Giant Fireball Explodes Over American Midwest

Sky Watching
Image Credit: Usukhbayar Gankhuyag

In the early hours of Monday morning, a huge fireball was seen streaking across the sky of the American Midwest before exploding with a sonic boom that shook residential homes in the Green Bay area of Wisconsin. The blue-green fireball was reported to the American Meteor Society (AMS) by scores of witnesses, who subsequently wrote on its website:

“The fireball was seen primarily from Illinois and Wisconsin, but witnesses from Michigan, Indiana, Ohio, Iowa, New York, Kentucky, Minnesota and Ontario (Canada) also reported the event.”

One of the people witnessing the extraordinary event was Officer Patrick Murphy of the Chillicothe Police Department, who was out patrolling in his squad car when he spotted the bright fireball shooting past a set of traffic light. The incident was captured on his dashcam, and after heading to the northeast part of town where it appeared to have fallen, Murphy said that there were no signs of any flames.

“It definitely caught me off guard a little bit. Obviously, I was not expecting to see that. I figured it was probably a meteor because I don’t know what else it could possibly be,” explained Officer Murphy.

Given its subsequent explosion,  the AMS said that the fireball was most likely a bolide, which is a brighter-than-usual meteor of between 1 and 100 meters in length that usually enter Earth’s atmosphere with enough force to explode. In 2013, for instance, a 20-meter superbolide exploded over the city of Chelyabinsk in Russia, with its large shock wave damaging 7,200 buildings and resulting in injures to around 1,500 people. Also in Russia, the Tunguska event of 1908 is thought to have been caused by a superbolide somewhere between 60 and 190 metres long, which was so powerful that it demolished 80 million trees over a 2,150 square kilometres area.

Fortunately, the fireball seen traveling southwest to northeast across several American Midwestern states was less than the size of a car, or less than 5 meters in length.
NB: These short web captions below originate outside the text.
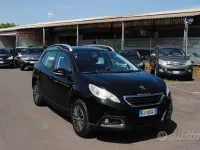 Usata Peugeot 2008 Active 68 CV (50 kW) 2014 Nero SUV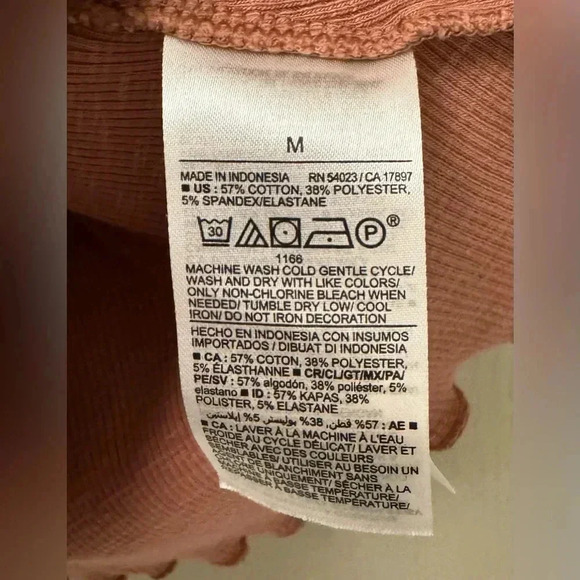 Lot of 3 Summer Tanks Great Condition - Time & Tru, Aerie, and Old Navy Size M - Picture 11 of 12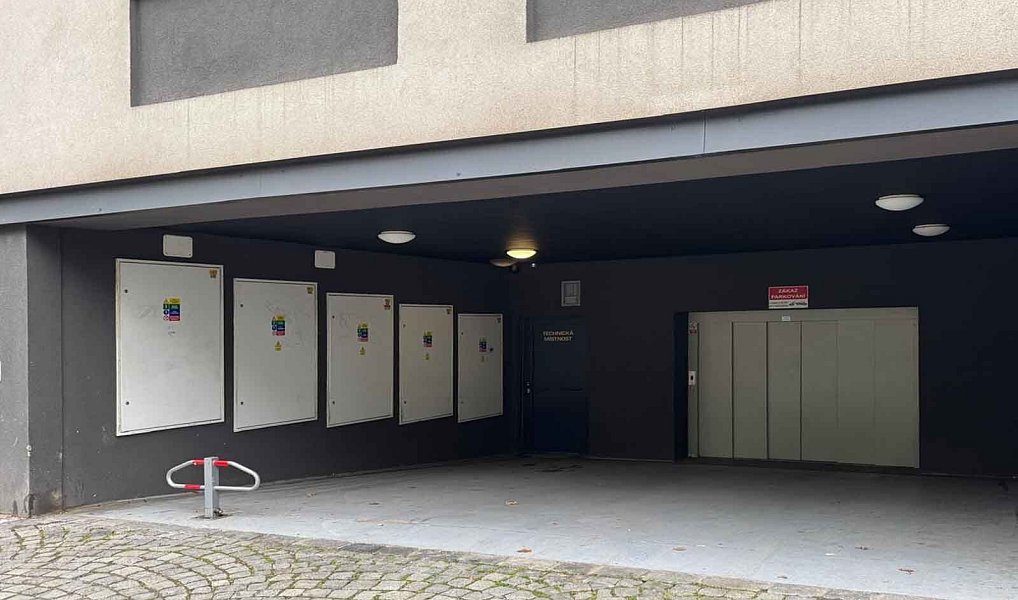 Pronájem garážového stání, Praha 5 - Smíchov, Praha – náhled fotky 5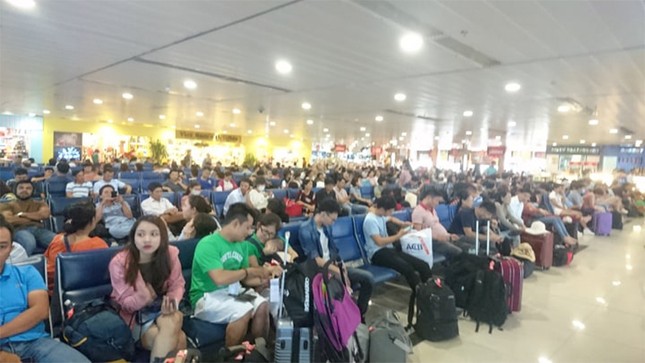 Đi lại dịp Tết: 'Cháy' vé máy bay, 'ế ẩm' hàng nghìn vé tàu hỏa ảnh 1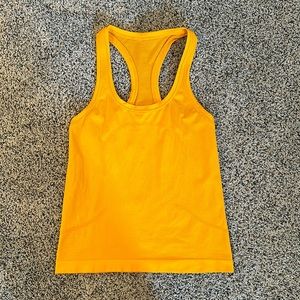 Lululemon Swiftly Tech Racerback Tank Top 2.0
Race Length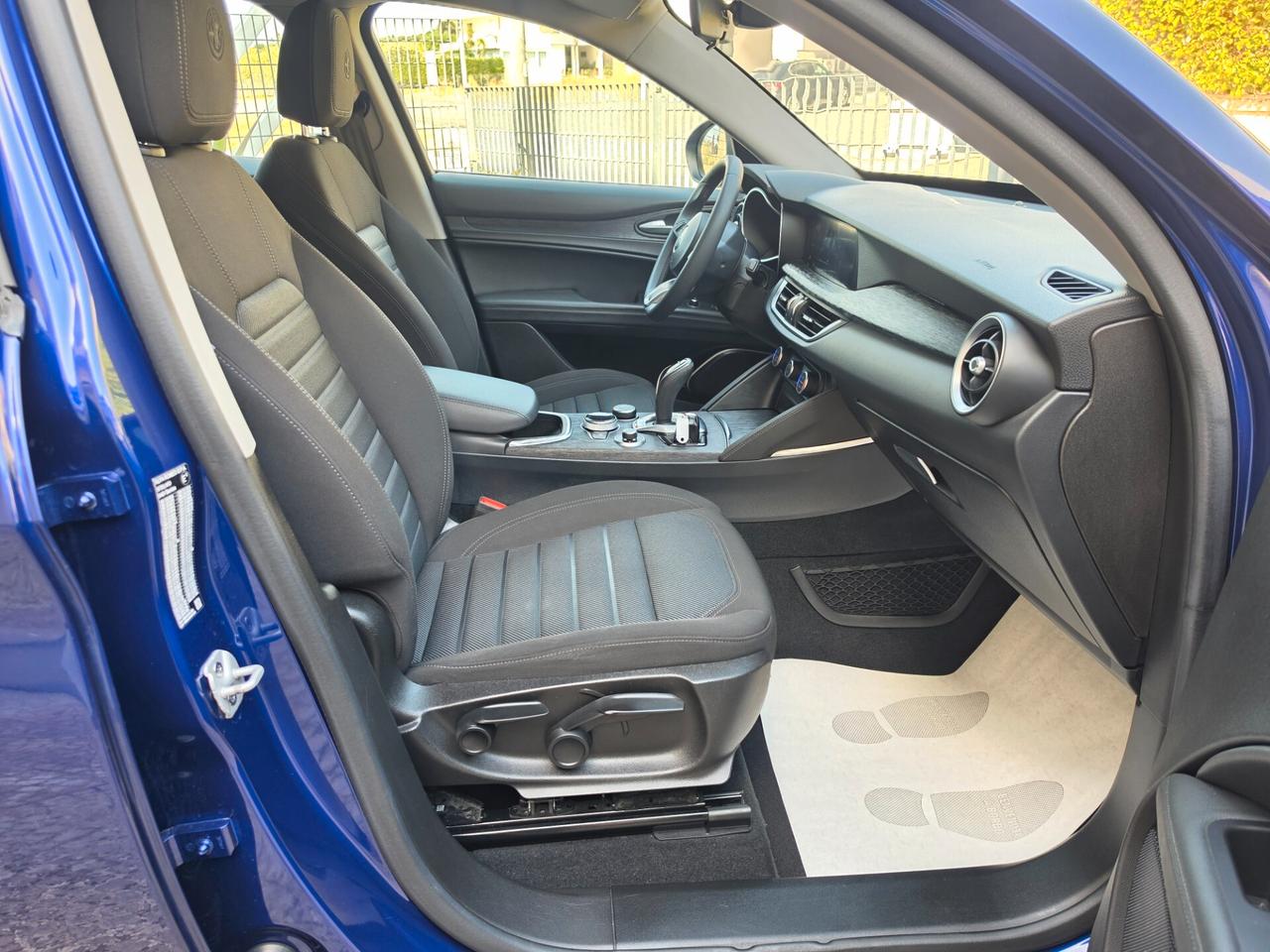 Alfa Romeo Stelvio 2.2 Turbodiesel 160 CV AT8 RWD Super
It was also about 10 miles overhead when it eventually is believed to have exploded over Lake Michigan, with the meteors fragments subsequently scattering over the waters of the Great Lake. Commenting on the incident, Mike Hankey, operations manager for the AMS, said that it was most likely a block of icy rock that had been flung into our atmosphere, adding:

“It was a really big bolide, a fragment from an asteroid. It showed up on Doppler weather radar over Lake Michigan. Very big return, sad we can’t go meteorite hunting.”